In a groundbreaking study published on November 10, 2025, in Nature Physics, researchers announced the first experimental observation of a time rondeau crystal. This novel phase of matter features a unique characteristic: long-range temporal order coexists with short-time disorder. Drawing parallels with classical music, where a repeating theme alternates with contrasting variations, this discovery reveals a fascinating interplay between predictability and randomness.
The research team, led by Ph.D. student Leo Moon from UC Berkeley, explored how order and variation manifest in both art and nature. Moon explained, “Repetitive periodic patterns naturally arise in early art forms due to their simplicity, while more advanced music and poetry build intricate variations atop a monotonous background.” This analogy extends into the realm of physical substances, such as ice, where oxygen atoms form a crystalline structure while hydrogen nuclei remain disordered.
The study marks a significant advancement in the understanding of time crystals, which have been shown to break time-translation symmetry through long-lived periodic oscillations. Until now, investigations into non-periodic temporal order had primarily focused on deterministic patterns, such as quasicrystals. The time rondeau crystal is distinct in its combination of stroboscopic order and controllable random disorder.

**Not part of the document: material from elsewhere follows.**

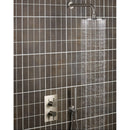 JTP Inox 1 Outlet Thermostatic Concealed Shower Valve - Stainless Steel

Creating a New Phase of Matter
To achieve this novel phase, researchers employed carbon-13 nuclear spins in diamond as their quantum simulator. This system consisted of randomly positioned nuclear spins at room temperature, interacting via long-range dipole-dipole couplings. The team began by hyperpolarizing the carbon-13 nuclear spins using a technique that leverages nitrogen-vacancy centers—defects in the diamond lattice where a nitrogen atom is adjacent to an empty site. By illuminating these NV centers with lasers, the team achieved a nearly 1,000-fold increase in nuclear spin polarization, creating a strong signal for extended tracking.
Sophisticated microwave pulse sequences were then applied, combining protective “spin-locking” pulses with precisely timed polarization-flipping pulses. This careful orchestration of driving patterns established the time rondeau order. The team’s innovative control system utilized an arbitrary waveform generator capable of executing over 720 different pulses in a single run, which was essential for generating the structured yet non-periodic drives that characterize rondeau order.
Moon noted the advantages of using the diamond lattice, stating, “Diamond itself is incredibly stable—it doesn’t react chemically, it’s insensitive to temperature changes, and it shields the spins well from outside noise.” This stability proved crucial in the researchers’ exploration of exotic temporal phases.
The researchers deployed what they termed random multipolar drives (RMD), which are structured sequences with systematically controlled randomness. At regular intervals during the drive cycle, the nuclear spins flipped their polarization deterministically, displaying the periodic behavior typical of time crystals. In contrast, the polarization fluctuated randomly between these intervals, illustrating the unique coexistence of predictable temporal order and random fluctuations that define rondeau order.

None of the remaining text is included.